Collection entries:
——

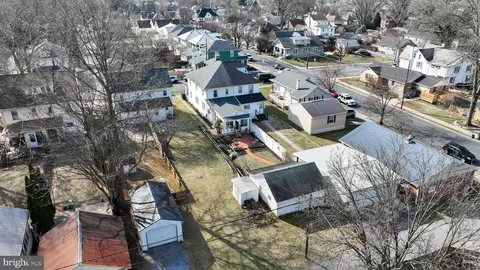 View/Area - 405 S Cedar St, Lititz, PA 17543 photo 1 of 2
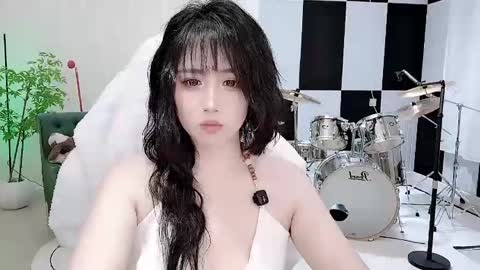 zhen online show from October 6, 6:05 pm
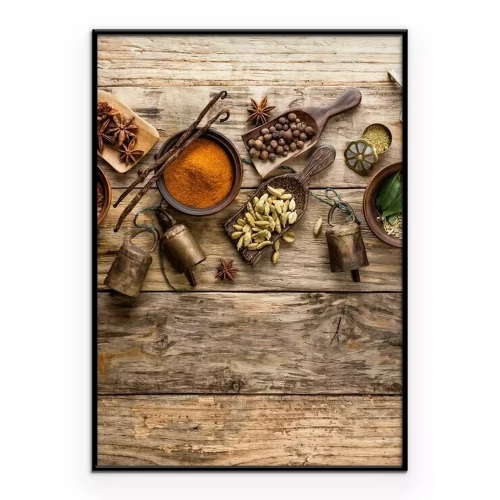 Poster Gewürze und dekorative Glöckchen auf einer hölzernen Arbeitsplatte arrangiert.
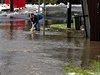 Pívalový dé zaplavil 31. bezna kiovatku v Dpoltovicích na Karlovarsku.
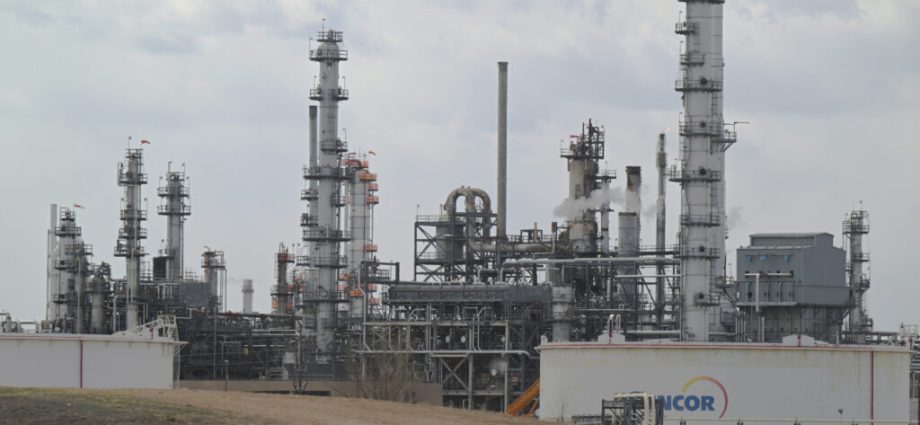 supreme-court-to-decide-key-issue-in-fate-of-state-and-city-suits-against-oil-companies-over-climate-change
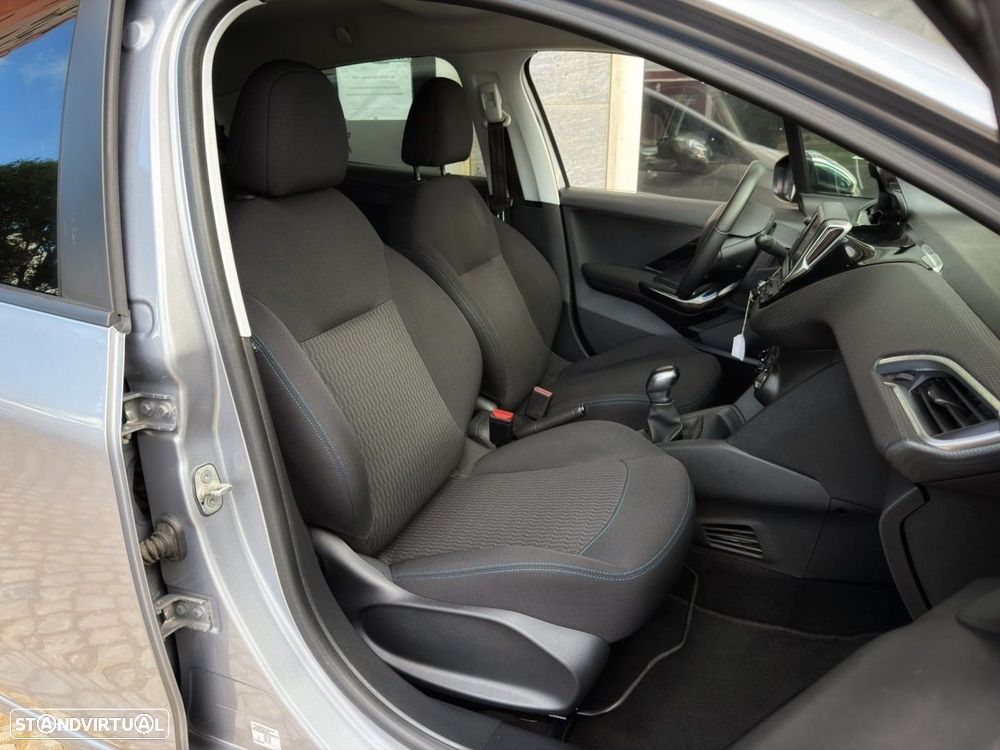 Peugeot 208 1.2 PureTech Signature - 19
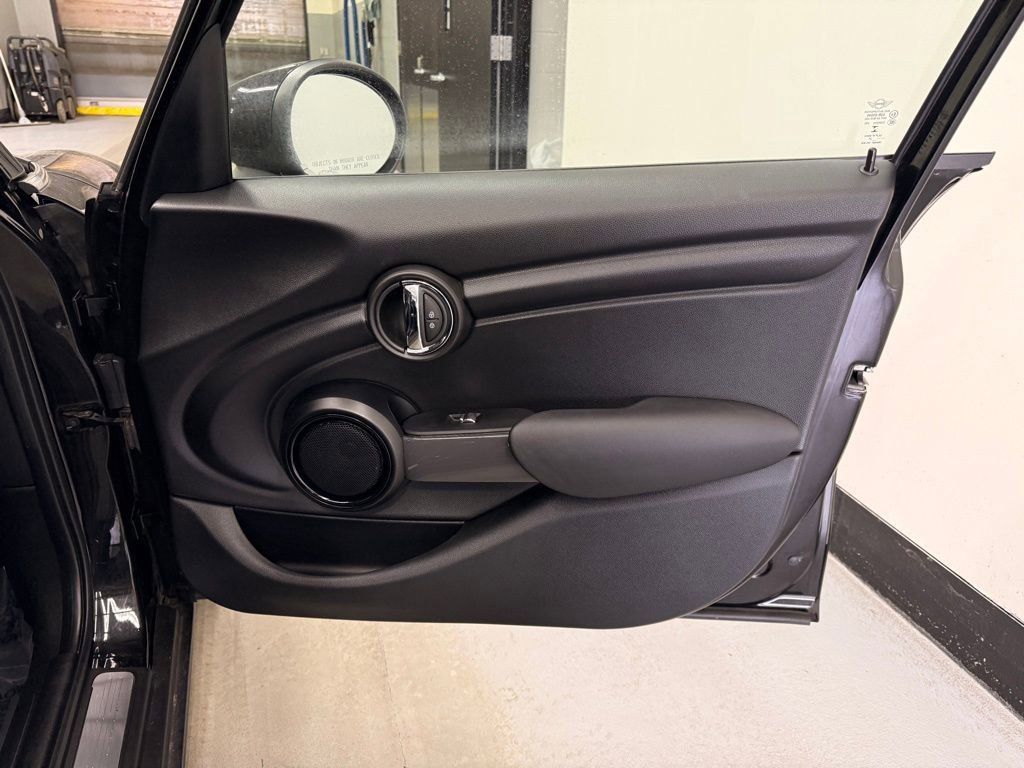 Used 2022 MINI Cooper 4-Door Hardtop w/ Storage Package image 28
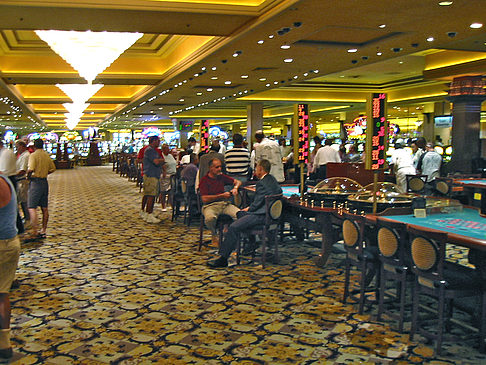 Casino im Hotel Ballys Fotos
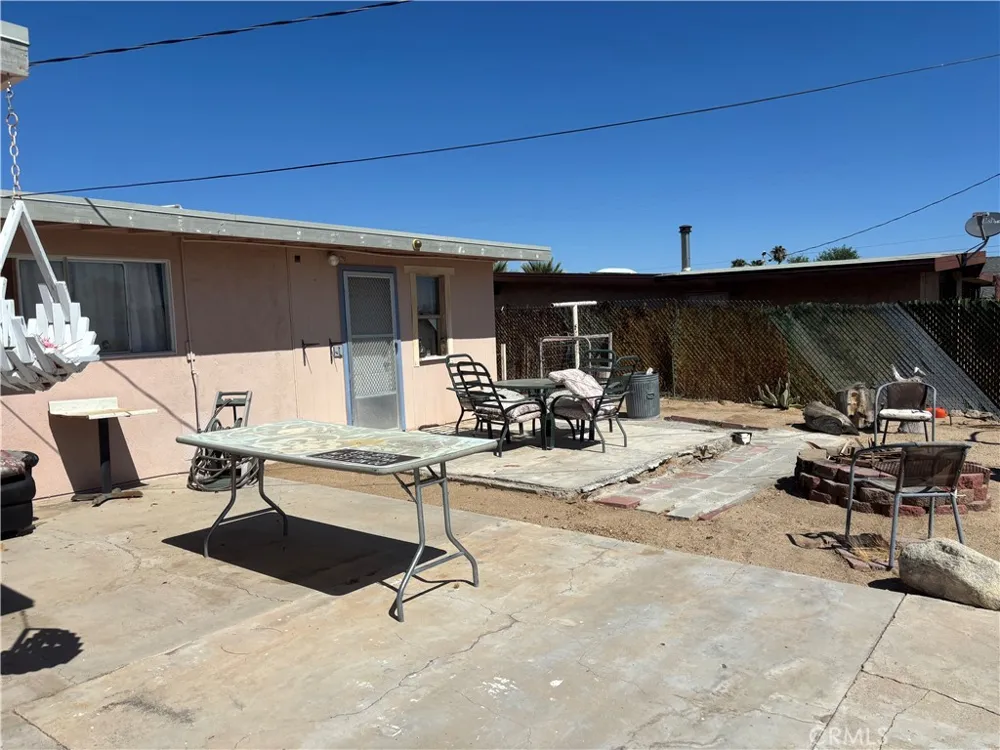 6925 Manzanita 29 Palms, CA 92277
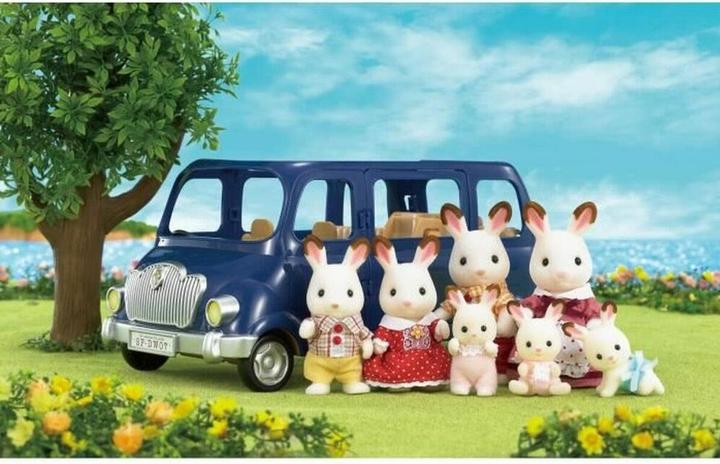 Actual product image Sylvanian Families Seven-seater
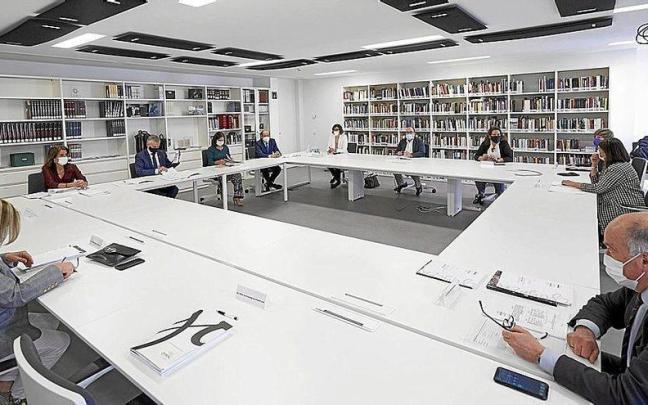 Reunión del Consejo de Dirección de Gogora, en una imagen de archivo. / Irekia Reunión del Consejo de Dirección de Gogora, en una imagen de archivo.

——

**Work request**. Your answer should hold only the lines from the line with "zhen online show from October 6, 6:05 pm" through the closing line of the records, restated exactly and free of pictures.

**Result of the task**.
 zhen online show from October 6, 6:05 pm
 Poster Gewürze und dekorative Glöckchen auf einer hölzernen Arbeitsplatte arrangiert.
 Pívalový dé zaplavil 31. bezna kiovatku v Dpoltovicích na Karlovarsku.
 supreme-court-to-decide-key-issue-in-fate-of-state-and-city-suits-against-oil-companies-over-climate-change
 Peugeot 208 1.2 PureTech Signature - 19
 Used 2022 MINI Cooper 4-Door Hardtop w/ Storage Package image 28
 Casino im Hotel Ballys Fotos
 6925 Manzanita 29 Palms, CA 92277
 Actual product image Sylvanian Families Seven-seater
 Reunión del Consejo de Dirección de Gogora, en una imagen de archivo. / Irekia Reunión del Consejo de Dirección de Gogora, en una imagen de archivo.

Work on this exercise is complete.